Replica-count check (in `BaseSmoketest.validate_role_pods`)

The standard decode_replicas check is HPA-aware: when WVA is enabled and the role is HPA-managed (currently only decode), the check passes if the actual pod count is within [wva.hpa.minReplicas, wva.hpa.maxReplicas], not just strictly equal to decode.replicas. Without this relaxation, an idle stack at minReplicas: 1 would falsely fail when decode.replicas: 2.

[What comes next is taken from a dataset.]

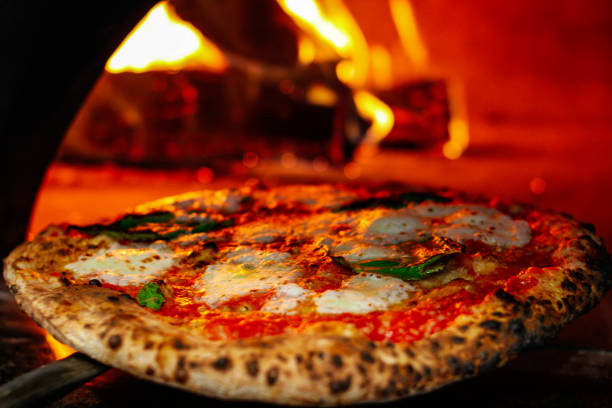 istock Hot big pepperoni pizza. Tasty pizza composition with melting cheese bacon tomatoes ham paprika steam smoke 1080679704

The role allow-list lives at module top in llmdbenchmark/smoketests/base.py as _WVA_HPA_MANAGED_ROLES = frozenset({"decode"}) - extend it if upstream WVA grows native prefill autoscaling.

6. Quick verification commands

After a successful standup with WVA, these one-liners confirm the full chain is up. Run them in order; each one verifies a downstream link in the pipeline.

# 1. Controller pod is Available, no recent restarts
oc get pod -n <ns> -l control-plane=controller-manager -o wide

# 2. The VA is reconciled (METRICSREADY=True, OPTIMIZED=<a number>)
oc get va -n <ns>

# 3. The VA has the controller-instance label
oc get va -n <ns> <model-id>-decode -o jsonpath='{.metadata.labels}'

# 4. The controller actually emits the metric
oc -n openshift-user-workload-monitoring exec -c prometheus prometheus-user-workload-0 -- \
  wget -qO- 'http://localhost:9090/api/v1/query?query=wva_desired_replicas{controller_instance="<ns>"}' \
  | jq '.data.result'

# 5. prometheus-adapter exposes it via the external-metrics API
oc get --raw "/apis/external.metrics.k8s.io/v1beta1/namespaces/<ns>/wva_desired_replicas" | jq

# 6. The HPA's TARGETS shows a numeric value (no longer <unknown>)
oc get hpa -n <ns>

If 1-3 are green but 4 is empty -> controller isn't reconciling (most likely wva.llmd.ai/controller-instance label mismatch - check #3 against the controller's CONTROLLER_INSTANCE env var).

If 4 has a value but 5 is empty -> prometheus-adapter doesn't have the rule (install was wrong namespace, or rule values file wasn't applied).

If 5 has a value but 6 is <unknown> -> HPA selector doesn't match the metric's labels.

7. Common failure modes & fixes

"No active VariantAutoscalings found" loop in controller logs

Controller is running but says it sees no VAs to reconcile, even though one exists in the watched namespace.

Cause: the VA is missing the wva.llmd.ai/controller-instance label (or it doesn't match the controller's CONTROLLER_INSTANCE env). The controller's predicate silently filters it out.

Fix:

oc label va -n <ns> <model-id>-decode \
  wva.llmd.ai/controller-instance=<controller-instance> --overwrite

...or re-run standup so the rendered template (which already includes the label) is applied.

HPA shows `TARGETS: <unknown>` indefinitely

Something in the metric pipeline isn't lining up. Walk the chain in Section 6 to find which link is broken.

`release: already exists` when installing prometheus-adapter

Another tenant installed prometheus-adapter in their own namespace (not openshift-user-workload-monitoring). The chart's cluster-scoped prometheus-adapter-resource-reader ClusterRole is helm-owned by their release, blocking ours.

Fix: ask that tenant to helm uninstall -n <their-ns> prometheus-adapter. Once the ClusterRole is freed, re-run our standup and we'll install it into the correct namespace per the upstream WVA guide.

Controller pod CrashLoopBackOff with `context deadline exceeded` in logs

The controller can't reach the Kubernetes API server reliably (leader-election lease renewal times out). This is a cluster network / CNI issue, not a WVA bug. Verify:

oc get clusteroperator network -o yaml | yq '.status.conditions'
oc get nodes -o custom-columns='NAME:.metadata.name,READY:.status.conditions[?(@.type=="Ready")].status'

If the network operator is Degraded=True or any node is Ready=False, escalate to the cluster admin.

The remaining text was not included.